3. Output only summary output.
   # java -jar tercom.jar -r <ref_file> -h <hyp_file> -o xml -n <output_prefix>

===========
Sample Data
===========

Sample Data and output is provided in the sample-data directory.

sample-data/hyp.txt contains the hypothesis text
sample-data/ref.txt contains the reference text
sample-data/out.txt contains the output of running the following command

cd sample-data/
java -jar ../tercom.jar -r ref.txt -h hyp.txt > out.txt

========================
Source File Descriptions
========================

The primary classes of the tercom computation code are described below:

TERtest - The command-line UI for the code.  Its usage is described above.

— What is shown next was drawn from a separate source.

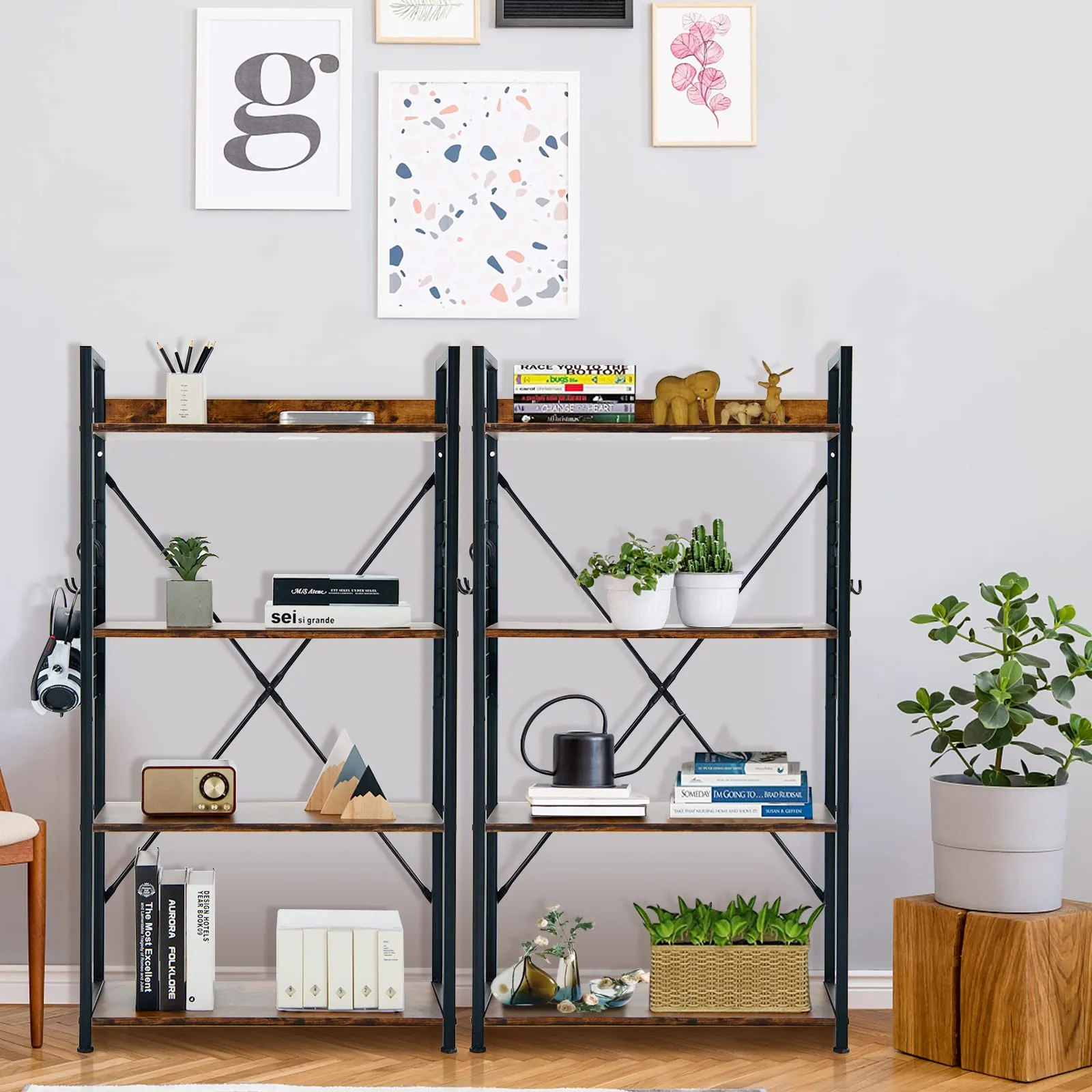 Tangkula 4 Tier Bookshelf with S-Shaped Hooks, Metal Frame Wood Look Display Shelf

TERcalc - This does all of the work calculating TER.  All of the
methods are static, so no instantiations should ever be made.  To
calculate TER, call: TERcalc.TER(String a, String b).  This tokenizes
and then runs TER.  It returns a TERalignment object.  If the input is
pretokenized (or tokenized and then converted to another type, such as
Integer (which give better performance)), then you can call
TER(Comparable[], Comparable[]).  If you want to use a different
scoring module (see TERcost class), then use the functions
TER(Comparable[], Comparable[], TERcost) or TER(String, String,
TERcost).

TERshift - This is a tiny storage class, which stores the information
for indiviual shifts.

TERalignment - This contains the output of TER.  Some processing might
be needed to make it as pretty as TERcom pra output.

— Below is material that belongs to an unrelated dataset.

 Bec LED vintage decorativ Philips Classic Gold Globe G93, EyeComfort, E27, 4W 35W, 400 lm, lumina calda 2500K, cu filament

TERcost - This class is used to determine the cost of insertions,
deletions, substitutions, matches, and shifts.  The base class gives
all edits a cost of 1, and matches a cost of 0.  If a researcher wants
to experiment with alternative cost functions, or cost matrices, then
a new child class of TERcost should be made that calculates those cost
functions.  This can be passed in as the third arguement to the TER
function of TERcalc.  It should be noted that this version of the code
only does word to word cost matrices (not phrasal matrices), and that
all costs must be in the range of 0.0 to 1.0.

TERpara - This class is used to parse the command arguments given to TERtest.